One of the challenges of clinical research in the arena of subfertility is that, at the point where patients present to clinicians, they are eager to start treatment. This therefore limits the possibility of prospective studies on unmedicated ‘natural cycles’ and leads to the design and publication of small-scale, observational studies which make up the vast majority of those included in this review.

One of the criticisms of early studies involving endometrial biopsy is the lack of solid methodology regarding timings. Many studies guess a ‘late-luteal’ phase for biopsy or ‘mid-luteal’ phase for serum progesterone without accurately timing the LH surge leading to heterogeneous results [72, 102].

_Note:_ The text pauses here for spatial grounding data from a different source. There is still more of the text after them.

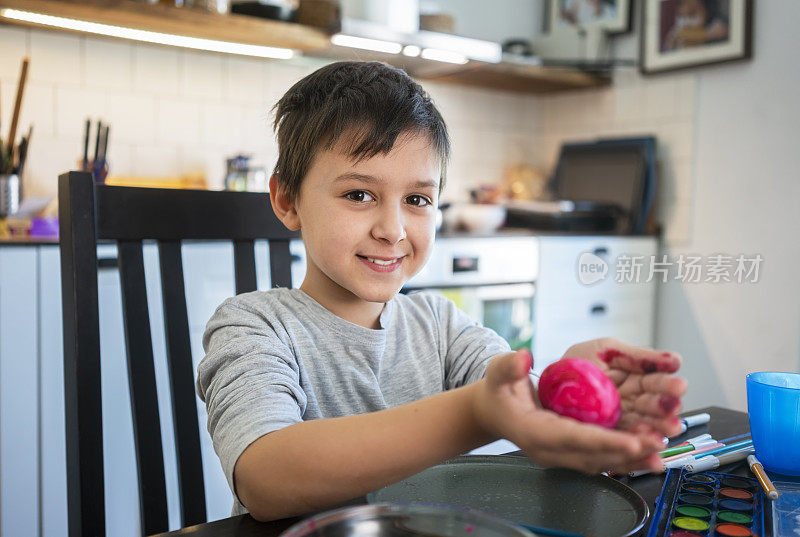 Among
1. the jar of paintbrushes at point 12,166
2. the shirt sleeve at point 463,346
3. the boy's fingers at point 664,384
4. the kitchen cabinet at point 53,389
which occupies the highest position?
the jar of paintbrushes at point 12,166

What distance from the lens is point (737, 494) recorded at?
1.97 feet

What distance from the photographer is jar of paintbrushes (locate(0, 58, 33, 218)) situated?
187 centimetres

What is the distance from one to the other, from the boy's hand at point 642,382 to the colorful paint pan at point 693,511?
9 cm

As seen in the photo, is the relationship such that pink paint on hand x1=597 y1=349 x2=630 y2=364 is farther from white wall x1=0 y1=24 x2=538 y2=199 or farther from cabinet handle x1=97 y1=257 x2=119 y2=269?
white wall x1=0 y1=24 x2=538 y2=199

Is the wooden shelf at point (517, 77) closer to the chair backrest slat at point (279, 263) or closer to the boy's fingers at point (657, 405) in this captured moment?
the chair backrest slat at point (279, 263)

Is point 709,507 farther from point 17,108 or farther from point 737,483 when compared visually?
point 17,108

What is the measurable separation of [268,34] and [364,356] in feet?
5.20

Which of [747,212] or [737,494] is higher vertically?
[747,212]

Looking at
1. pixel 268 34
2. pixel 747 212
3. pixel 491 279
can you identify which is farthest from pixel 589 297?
pixel 268 34

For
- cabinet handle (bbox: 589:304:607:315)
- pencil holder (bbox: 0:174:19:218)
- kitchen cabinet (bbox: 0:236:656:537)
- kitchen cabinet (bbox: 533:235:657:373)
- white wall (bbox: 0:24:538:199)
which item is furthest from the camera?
cabinet handle (bbox: 589:304:607:315)

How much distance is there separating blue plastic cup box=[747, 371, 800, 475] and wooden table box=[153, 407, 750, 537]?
28 mm

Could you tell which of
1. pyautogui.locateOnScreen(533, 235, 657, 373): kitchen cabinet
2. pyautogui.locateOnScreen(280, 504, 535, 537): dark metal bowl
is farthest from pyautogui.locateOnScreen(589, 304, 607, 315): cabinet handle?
pyautogui.locateOnScreen(280, 504, 535, 537): dark metal bowl

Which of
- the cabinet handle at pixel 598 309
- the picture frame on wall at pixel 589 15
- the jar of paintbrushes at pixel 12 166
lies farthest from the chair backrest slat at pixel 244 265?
the picture frame on wall at pixel 589 15

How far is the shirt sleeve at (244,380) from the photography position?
609 millimetres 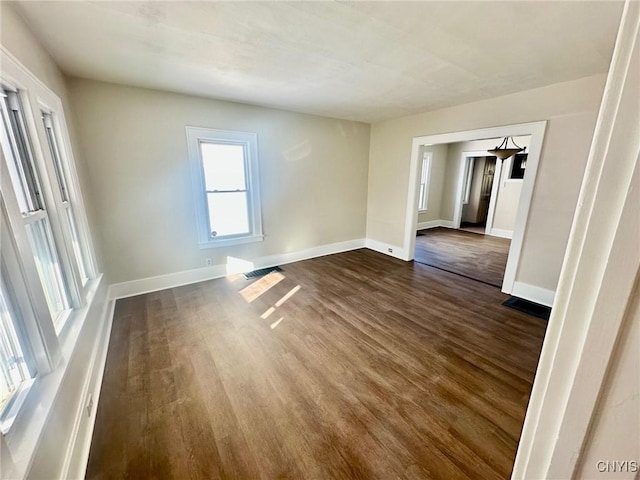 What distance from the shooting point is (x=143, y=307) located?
3.02m

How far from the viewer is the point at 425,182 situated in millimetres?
7113

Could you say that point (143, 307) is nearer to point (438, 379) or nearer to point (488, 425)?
point (438, 379)

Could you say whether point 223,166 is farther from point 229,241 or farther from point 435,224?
point 435,224

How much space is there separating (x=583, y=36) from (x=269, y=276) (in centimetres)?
396

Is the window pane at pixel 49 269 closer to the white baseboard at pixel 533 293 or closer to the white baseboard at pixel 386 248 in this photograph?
the white baseboard at pixel 386 248

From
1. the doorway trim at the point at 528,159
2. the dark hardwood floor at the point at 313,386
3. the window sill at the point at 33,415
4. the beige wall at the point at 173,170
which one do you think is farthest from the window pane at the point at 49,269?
the doorway trim at the point at 528,159

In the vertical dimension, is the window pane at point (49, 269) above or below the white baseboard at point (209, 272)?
above

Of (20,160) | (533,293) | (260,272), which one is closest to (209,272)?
(260,272)

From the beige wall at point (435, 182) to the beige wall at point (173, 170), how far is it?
3.32 meters

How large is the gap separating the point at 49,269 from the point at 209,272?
207 centimetres

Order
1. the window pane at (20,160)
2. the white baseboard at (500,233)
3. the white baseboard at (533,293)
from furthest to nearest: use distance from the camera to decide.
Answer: the white baseboard at (500,233)
the white baseboard at (533,293)
the window pane at (20,160)

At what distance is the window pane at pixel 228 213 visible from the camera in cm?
373

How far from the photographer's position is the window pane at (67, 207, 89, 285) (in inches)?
92.2

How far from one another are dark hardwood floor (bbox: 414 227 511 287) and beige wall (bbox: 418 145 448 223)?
56cm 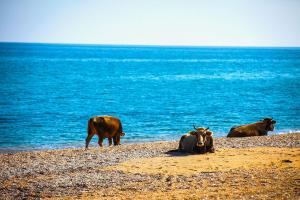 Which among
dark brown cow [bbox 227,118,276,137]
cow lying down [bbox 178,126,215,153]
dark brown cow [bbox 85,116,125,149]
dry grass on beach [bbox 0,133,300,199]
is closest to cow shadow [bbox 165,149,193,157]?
dry grass on beach [bbox 0,133,300,199]

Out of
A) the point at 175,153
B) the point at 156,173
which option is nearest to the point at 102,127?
the point at 175,153

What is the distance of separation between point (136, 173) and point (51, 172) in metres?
3.31

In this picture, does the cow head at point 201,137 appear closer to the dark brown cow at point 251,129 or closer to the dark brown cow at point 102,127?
the dark brown cow at point 102,127

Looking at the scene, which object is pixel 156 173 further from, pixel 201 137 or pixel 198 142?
pixel 201 137

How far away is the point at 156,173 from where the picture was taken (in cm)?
1641

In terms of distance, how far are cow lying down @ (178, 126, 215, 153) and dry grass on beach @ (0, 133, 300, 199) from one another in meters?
0.61

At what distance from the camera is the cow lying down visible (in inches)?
796

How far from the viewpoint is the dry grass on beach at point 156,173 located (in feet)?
45.0

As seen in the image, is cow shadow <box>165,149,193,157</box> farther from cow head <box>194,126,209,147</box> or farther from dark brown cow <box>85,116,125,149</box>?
dark brown cow <box>85,116,125,149</box>

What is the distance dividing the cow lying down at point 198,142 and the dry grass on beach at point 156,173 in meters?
0.61

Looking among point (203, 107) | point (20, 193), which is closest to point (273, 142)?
point (20, 193)

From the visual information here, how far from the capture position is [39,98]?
183ft

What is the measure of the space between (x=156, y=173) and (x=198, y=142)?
4.08 meters

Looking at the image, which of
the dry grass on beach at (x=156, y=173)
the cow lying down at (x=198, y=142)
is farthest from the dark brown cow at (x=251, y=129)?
the cow lying down at (x=198, y=142)
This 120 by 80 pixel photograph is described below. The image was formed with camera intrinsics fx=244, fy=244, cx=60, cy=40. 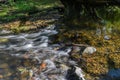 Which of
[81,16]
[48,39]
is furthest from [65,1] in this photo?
[48,39]

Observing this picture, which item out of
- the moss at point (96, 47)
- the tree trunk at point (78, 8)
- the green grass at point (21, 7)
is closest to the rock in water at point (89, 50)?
the moss at point (96, 47)

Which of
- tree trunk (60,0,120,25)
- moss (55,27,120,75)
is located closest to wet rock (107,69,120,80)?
moss (55,27,120,75)

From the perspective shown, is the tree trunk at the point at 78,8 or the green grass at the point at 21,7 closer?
the tree trunk at the point at 78,8

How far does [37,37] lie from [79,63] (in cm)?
338

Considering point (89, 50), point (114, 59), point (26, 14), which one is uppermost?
point (26, 14)

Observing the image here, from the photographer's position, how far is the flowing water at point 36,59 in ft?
22.8

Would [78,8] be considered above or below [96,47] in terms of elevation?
above

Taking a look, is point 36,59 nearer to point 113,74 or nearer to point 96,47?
point 96,47

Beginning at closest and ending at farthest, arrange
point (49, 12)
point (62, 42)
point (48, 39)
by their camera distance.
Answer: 1. point (62, 42)
2. point (48, 39)
3. point (49, 12)

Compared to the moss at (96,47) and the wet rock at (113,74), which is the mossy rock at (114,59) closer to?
the moss at (96,47)

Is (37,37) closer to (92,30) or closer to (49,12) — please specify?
(92,30)

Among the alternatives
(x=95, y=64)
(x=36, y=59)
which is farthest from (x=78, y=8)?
(x=95, y=64)

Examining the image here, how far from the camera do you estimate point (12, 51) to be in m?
8.94

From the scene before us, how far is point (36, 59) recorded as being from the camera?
26.3ft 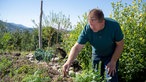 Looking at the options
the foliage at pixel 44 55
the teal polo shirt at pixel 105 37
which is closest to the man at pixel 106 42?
the teal polo shirt at pixel 105 37

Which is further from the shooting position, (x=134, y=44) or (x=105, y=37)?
(x=134, y=44)

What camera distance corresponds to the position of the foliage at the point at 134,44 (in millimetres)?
5969

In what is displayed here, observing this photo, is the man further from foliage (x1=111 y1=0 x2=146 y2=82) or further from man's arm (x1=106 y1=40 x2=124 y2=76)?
foliage (x1=111 y1=0 x2=146 y2=82)

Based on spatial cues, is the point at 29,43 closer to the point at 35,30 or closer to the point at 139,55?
the point at 35,30

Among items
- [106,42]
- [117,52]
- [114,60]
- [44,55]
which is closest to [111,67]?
[114,60]

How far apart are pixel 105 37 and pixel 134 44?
249cm

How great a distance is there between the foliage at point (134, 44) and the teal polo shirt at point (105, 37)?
218 centimetres

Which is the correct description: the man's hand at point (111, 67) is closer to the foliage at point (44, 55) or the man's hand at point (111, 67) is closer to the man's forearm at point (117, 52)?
the man's forearm at point (117, 52)

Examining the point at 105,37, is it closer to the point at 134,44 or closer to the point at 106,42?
the point at 106,42

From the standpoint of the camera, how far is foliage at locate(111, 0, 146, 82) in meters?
5.97

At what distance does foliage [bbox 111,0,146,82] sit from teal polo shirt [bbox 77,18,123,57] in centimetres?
218

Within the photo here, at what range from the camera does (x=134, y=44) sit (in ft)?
19.7

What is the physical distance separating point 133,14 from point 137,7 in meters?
0.24

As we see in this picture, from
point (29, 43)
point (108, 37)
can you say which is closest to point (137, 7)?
point (108, 37) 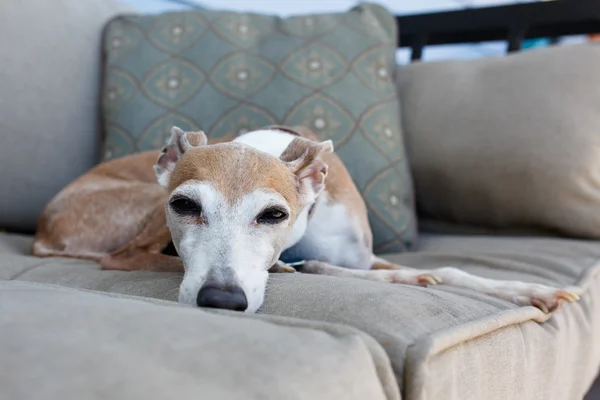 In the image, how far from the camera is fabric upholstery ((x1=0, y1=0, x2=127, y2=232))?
216cm

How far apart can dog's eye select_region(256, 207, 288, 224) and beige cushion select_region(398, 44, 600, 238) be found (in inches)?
45.3

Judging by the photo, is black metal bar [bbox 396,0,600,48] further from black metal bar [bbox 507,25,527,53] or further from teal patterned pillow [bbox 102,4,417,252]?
teal patterned pillow [bbox 102,4,417,252]

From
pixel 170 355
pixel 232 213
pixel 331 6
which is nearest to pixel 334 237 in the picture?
pixel 232 213

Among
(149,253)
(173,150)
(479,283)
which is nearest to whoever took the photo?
(479,283)

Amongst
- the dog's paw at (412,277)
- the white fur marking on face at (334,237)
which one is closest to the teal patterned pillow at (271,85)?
the white fur marking on face at (334,237)

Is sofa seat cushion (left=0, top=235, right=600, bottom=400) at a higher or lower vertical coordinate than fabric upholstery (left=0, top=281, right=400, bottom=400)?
lower

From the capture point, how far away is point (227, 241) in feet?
4.08

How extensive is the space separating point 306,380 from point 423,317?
346mm

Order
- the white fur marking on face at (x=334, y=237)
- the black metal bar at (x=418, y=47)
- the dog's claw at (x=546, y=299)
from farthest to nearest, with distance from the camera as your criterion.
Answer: the black metal bar at (x=418, y=47)
the white fur marking on face at (x=334, y=237)
the dog's claw at (x=546, y=299)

Publication bias could lead to misrepresentation of results if similar studies have found negative findings that were not published. Significant heterogeneity was observed in the definition of unexplained infertility. If population characteristics vary between studies, even significant findings may be diluted.

There is no single universally accepted definition of UI. Heterogeneity between the inclusion criteria for UI groups across the studies is a limitation of this and all work regarding UI.

It is well understood that progesterone in the luteal phase is released in a pulsatile fashion [103] and therefore the widespread clinical practice of measuring serum progesterone once is of limited value. Filicori’s work showed that in the mid-late luteal phase, plasma progesterone concentrations fluctuated within 24 h from lows of 2.3 to peaks of 40.1 ng/ml, often varying wildly within the space of just minutes [103].

The studies included vary drastically in terms of size with number of participants ranging from 14 to 377 and many of the included studies are over 20 years old.

The quality according to GRADE was low for all included studies due to their observational nature. Observational studies can be affected by selection bias which further decreases their utility.

Conclusions and implications

The only test routinely performed as a measure of progesterone or progestogenic action is a mid-luteal serum progesterone. When comparing the utility of serum progesterone levels and endometrial biopsy, the end-organ (endometrium) seems more important than the hormones acting on it [74]. It is likely that any altered actions of progesterone are missed in the majority of women investigated for UI without offering an endometrial biopsy for markers of progestogenic activity and Doppler studies of the pelvic vasculature.

The findings described in this review offer a strong argument for further in-depth research into the relationship between the actions of endogenous progesterone and unexplained infertility.

Priorities for research should lie with improving the understanding of patterns of progesterone secretion throughout the luteal phase and simultaneous response in the receptors and downstream receptivity markers and pelvic perfusion.

If a relationship is proven between receptor response, progesterone secretion patterns and levels and endometrial receptivity, then this could have implications for clinical practice, especially in the use of exogenous progesterone luteal support. It would be interesting to assess whether the reduction in receptivity suggested by this study remains a concern in stimulated ART cycles or whether exogenous hormones overcome any natural deficiencies.

Literature suggests that in superovulation cycles stimulated with gonadotropins, exogenous luteal support does improve success rates [104,105,106]. There is minimal literature specifically looking at the effect of luteal support for UI in natural cycles or OI/IUI. Whether increasing serum levels with exogenous progesterone could upregulate receptors and hasten receptivity response remains to be proven.